Today is Buddha's birthday and a national holiday. So, I didn't go to work. I get anxious when I don't have anything to do or have a lot to do and don't want to do any of it. That was sort of the case today. I didn't have any pressing matter that needed immediate attention but had some work that I could have done but didn't want to do. So, I felt anxious. But I caught myself and decided that I wasn't going to do anything productive today and accepted that. You know, accepting something gives you a lot of peace. Resisting something take a lot of energy. And for what? Internal resistance doesn't do anything but wear out our minds. So, why not just decide to accept it if we are not going to change our course?

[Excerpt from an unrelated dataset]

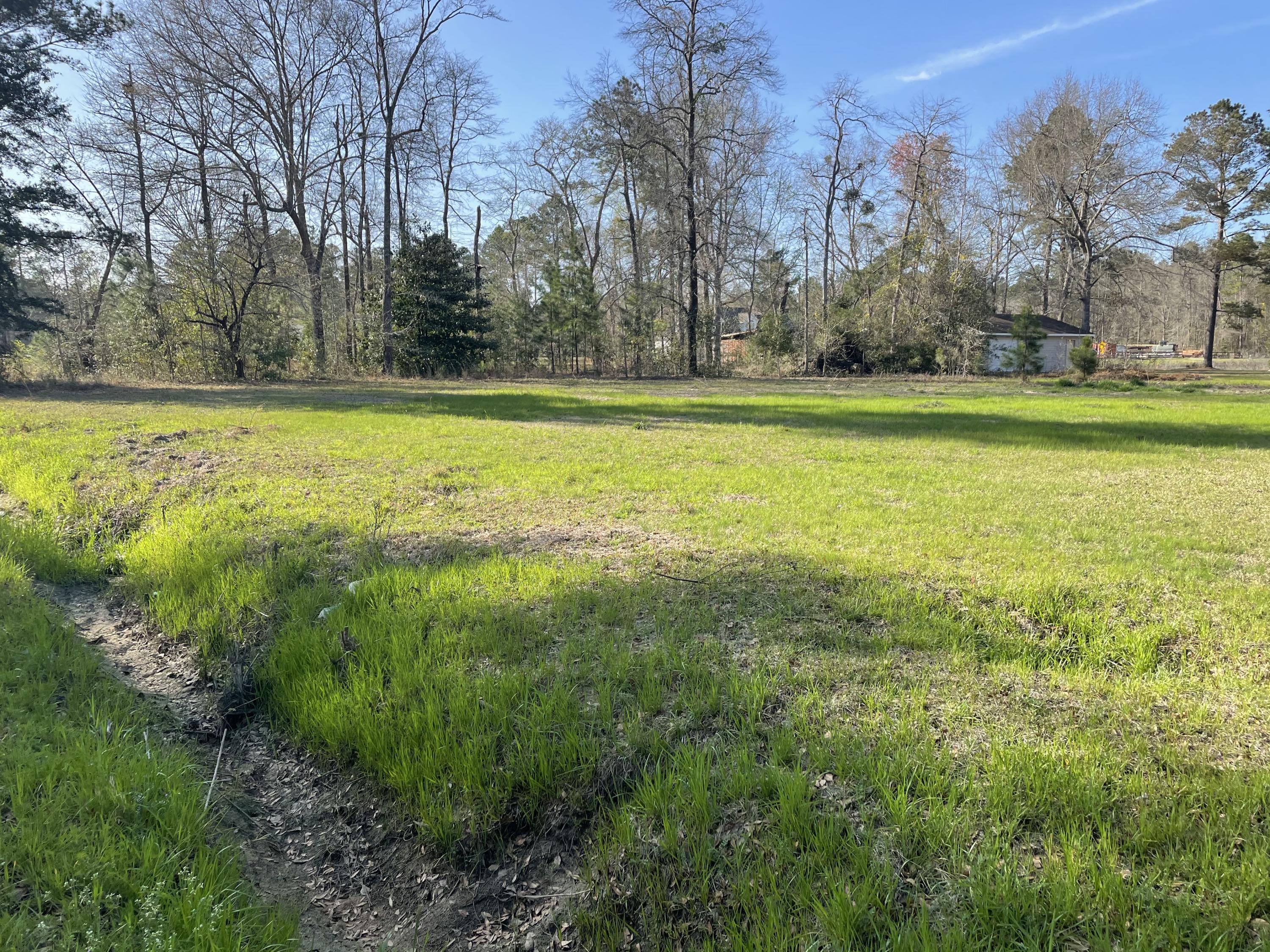 2907 Wolfe Creek Road Walterboro, SC 29488 - Photo 16 of 18 IMG_0116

Lesson: When you abandon your Unconditioned Self, you go in search of satisfaction in the world around you. The search can be exciting at times, but it does not lead to lasting fulfillment because the searching means you often leave yourself behind. Ironically, it's only when you stop searching that you find yourself and happiness again. True self-acceptance is the realization that you are what you seek. What you are looking for in the world—love, acceptance, joy, peace—are all qualities of your true nature.
The more you accept yourself, the more abundant you will feel. Like attracts like. When you identify with the inherent happiness of your Unconditioned Self, you attract experiences and people that are entirely compatible with how you feel about yourself. As you increase your self-acceptance, you let yourself accept more happiness, love, peace and abundance.
Exercise: The Latin for the word "accept" is "acceptare," which means "to receive, willingly." The more you accept yourself, the better you become at receiving. Live with this thought today: "Happiness is here, because I am here." Another great affirmation is: "Happiness is where I am."
I think that's true. The more accept yourself, the better you become at receiving. I need to learn how to receive.